Work instructions
Would you return the data below exactly as it stands, with every picture left out?
○ ○ ○ ○ ○ ○ ○
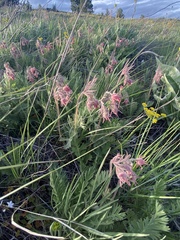 Geum triflorum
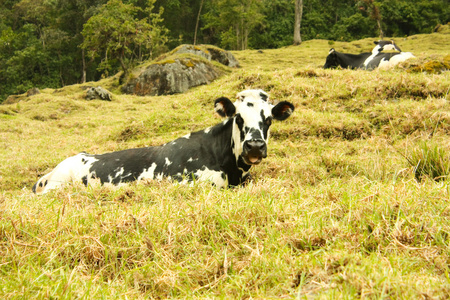 母牛。哥伦比亚谷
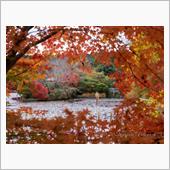 美の龍安寺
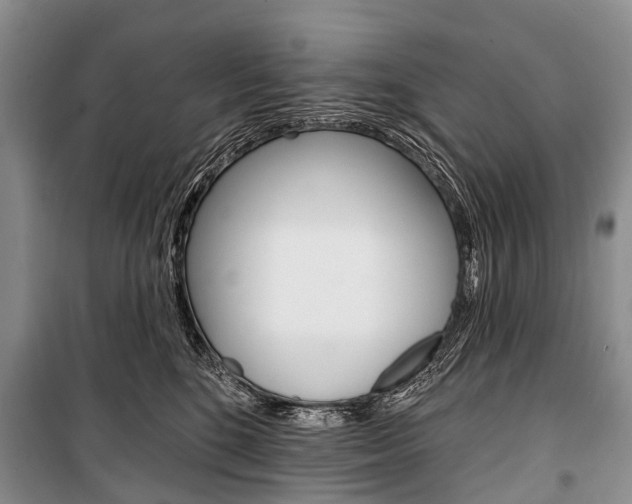 X0000101210520200806270857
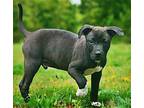 PUPPY TON O FUN TUCKER Labrador Retriever Puppy Male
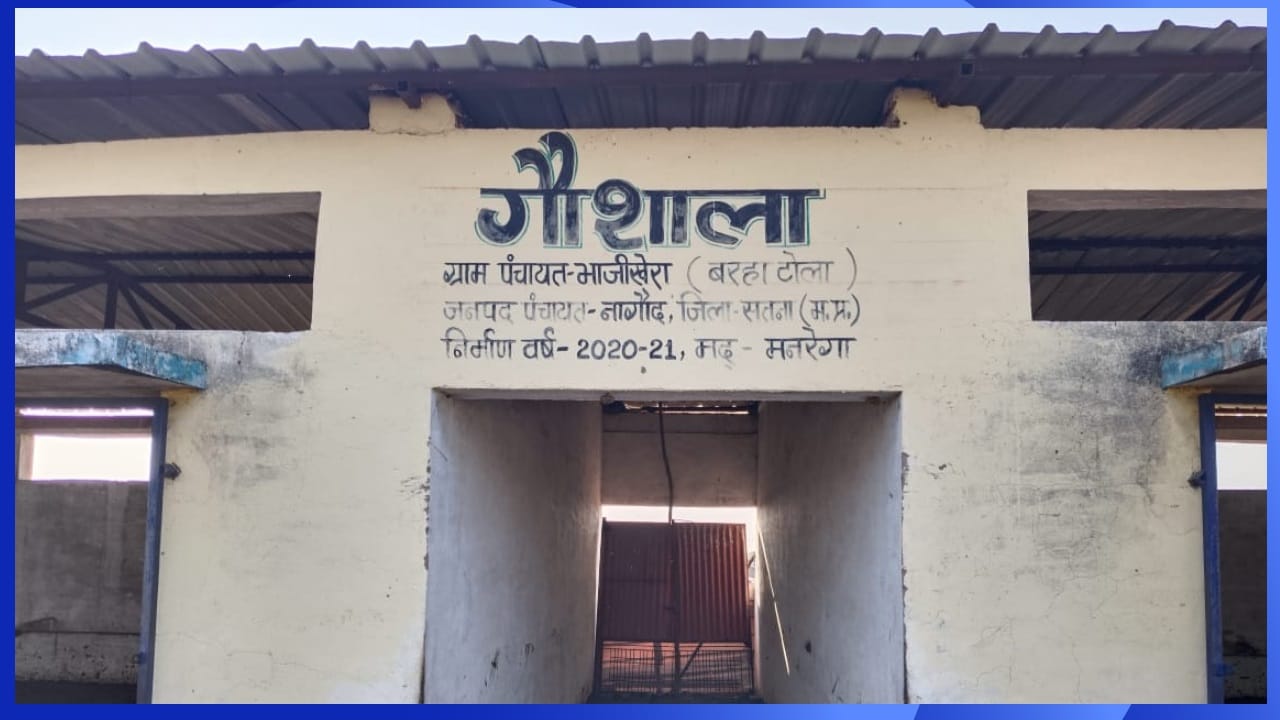 गौशाला से गौवंश गायब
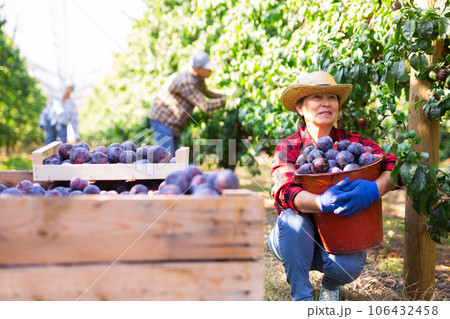 Elderly female gardener during harvesting of plums at orchard Elderly female gardener during harvesting of plums at orchard 106432458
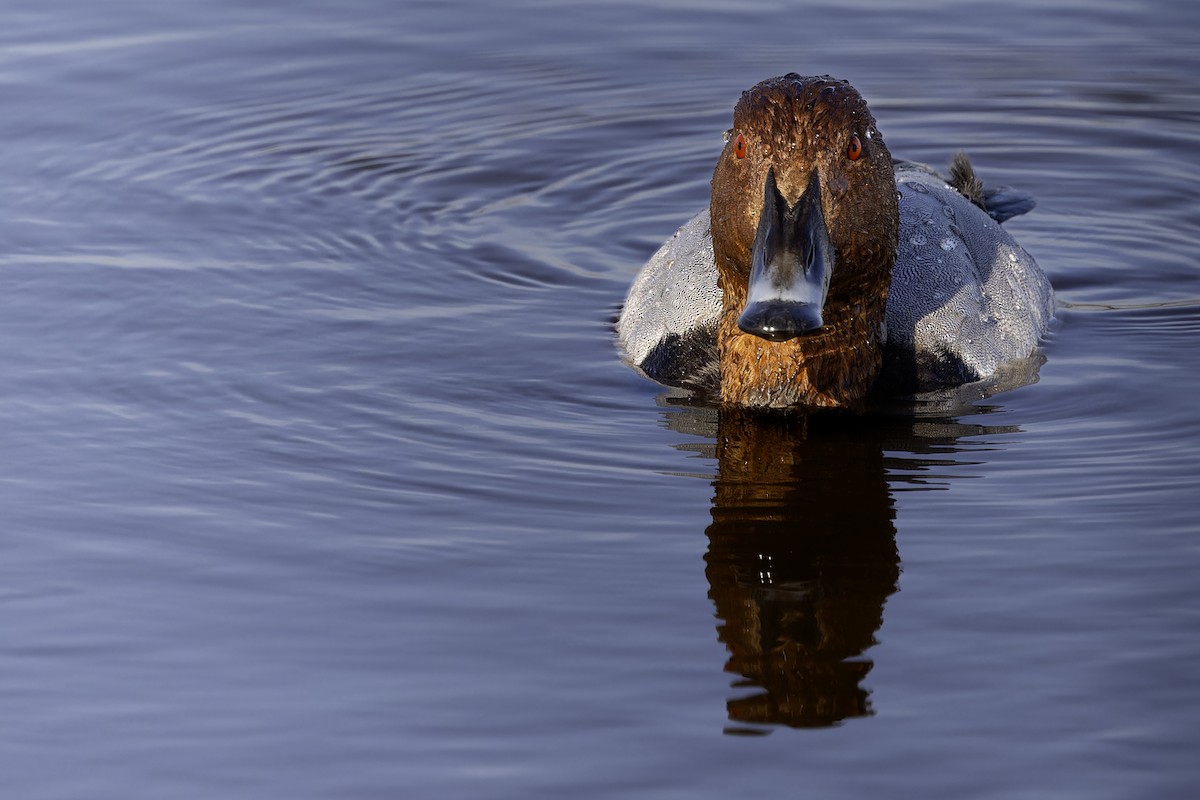 Common Pochard - ML645157443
○ ○ ○ ○ ○ ○ ○
Output
 Geum triflorum
 母牛。哥伦比亚谷
 美の龍安寺
 X0000101210520200806270857
 PUPPY TON O FUN TUCKER Labrador Retriever Puppy Male
 गौशाला से गौवंश गायब
 Elderly female gardener during harvesting of plums at orchard Elderly female gardener during harvesting of plums at orchard 106432458
 Common Pochard - ML645157443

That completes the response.